Why we need it, and why is it so fast?

A brief but lengthened story of git clone performance

So many times we want to download something hosted on GitHub. What we actually want is a complete working copy of the code and configurations, without any development history or irrelavent informations. Once upon a time, there were only two ways to retrieve data from git/GitHub:

  1. Simply call git clone. Well, by default git downloads the entire development history. Some huge projects can have 100,000 commits, each with 1GiB files. Even though there are some duplicated files that saves some space, this is totally undesirable unless you are one of the developer.

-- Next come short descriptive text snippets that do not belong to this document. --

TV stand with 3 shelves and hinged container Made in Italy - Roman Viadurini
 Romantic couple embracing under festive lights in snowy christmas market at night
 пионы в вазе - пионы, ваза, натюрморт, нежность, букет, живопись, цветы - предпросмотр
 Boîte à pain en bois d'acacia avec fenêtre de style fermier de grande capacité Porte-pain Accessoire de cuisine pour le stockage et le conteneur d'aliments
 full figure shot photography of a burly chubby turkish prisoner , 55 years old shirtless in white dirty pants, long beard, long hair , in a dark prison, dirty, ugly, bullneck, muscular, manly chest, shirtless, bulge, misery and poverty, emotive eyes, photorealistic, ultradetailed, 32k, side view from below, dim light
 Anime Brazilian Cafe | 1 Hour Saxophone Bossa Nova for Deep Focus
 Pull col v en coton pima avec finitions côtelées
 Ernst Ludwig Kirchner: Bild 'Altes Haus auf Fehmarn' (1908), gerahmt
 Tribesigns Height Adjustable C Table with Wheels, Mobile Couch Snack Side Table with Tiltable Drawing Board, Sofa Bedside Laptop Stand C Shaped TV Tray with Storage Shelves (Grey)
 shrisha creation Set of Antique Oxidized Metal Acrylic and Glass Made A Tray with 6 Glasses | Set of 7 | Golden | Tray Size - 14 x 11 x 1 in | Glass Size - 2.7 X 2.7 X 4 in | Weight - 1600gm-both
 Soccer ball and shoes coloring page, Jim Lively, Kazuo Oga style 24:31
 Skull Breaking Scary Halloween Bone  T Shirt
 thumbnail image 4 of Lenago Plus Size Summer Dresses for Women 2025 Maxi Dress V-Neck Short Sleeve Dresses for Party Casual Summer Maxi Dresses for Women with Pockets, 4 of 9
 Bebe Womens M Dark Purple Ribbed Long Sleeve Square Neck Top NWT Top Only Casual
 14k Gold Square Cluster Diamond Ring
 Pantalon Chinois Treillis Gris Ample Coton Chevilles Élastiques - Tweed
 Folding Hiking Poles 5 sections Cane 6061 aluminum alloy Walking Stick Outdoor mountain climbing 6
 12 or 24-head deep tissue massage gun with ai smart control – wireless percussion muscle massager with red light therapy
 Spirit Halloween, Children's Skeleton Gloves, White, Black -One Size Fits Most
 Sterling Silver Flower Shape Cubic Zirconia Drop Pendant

  2. On GitHub, click Clone or download/Download ZIP. OK, now we only have what we want downloaded. But is that complete? What about git submodules? Some huge projects can have more than 30 nested submodules. Are you willing to download one by another with your own hands? This is only applicable if there is no or very few submodules.

  3. On GitHub, click Raw button when displaying a file. OK, but it only works for a single file. Are you willing to download one by another with your own hands? This is only applicable if you need up to a few files.

Some time later, git has improved.

  1. We now have git clone --depth=1: to clone the very first commit of a branch. But some problems also arose: We cannot get a specific commit buried inside the development history. This may not be a problem for big matured project where there people only need to look for its tags and branches. However, we frequently need to retrieve a specified version of a repo, especially when we are using git submodule. Long words short, --depth=1 works well for the parent repo, but dysfunctions so frequently when working with submodules.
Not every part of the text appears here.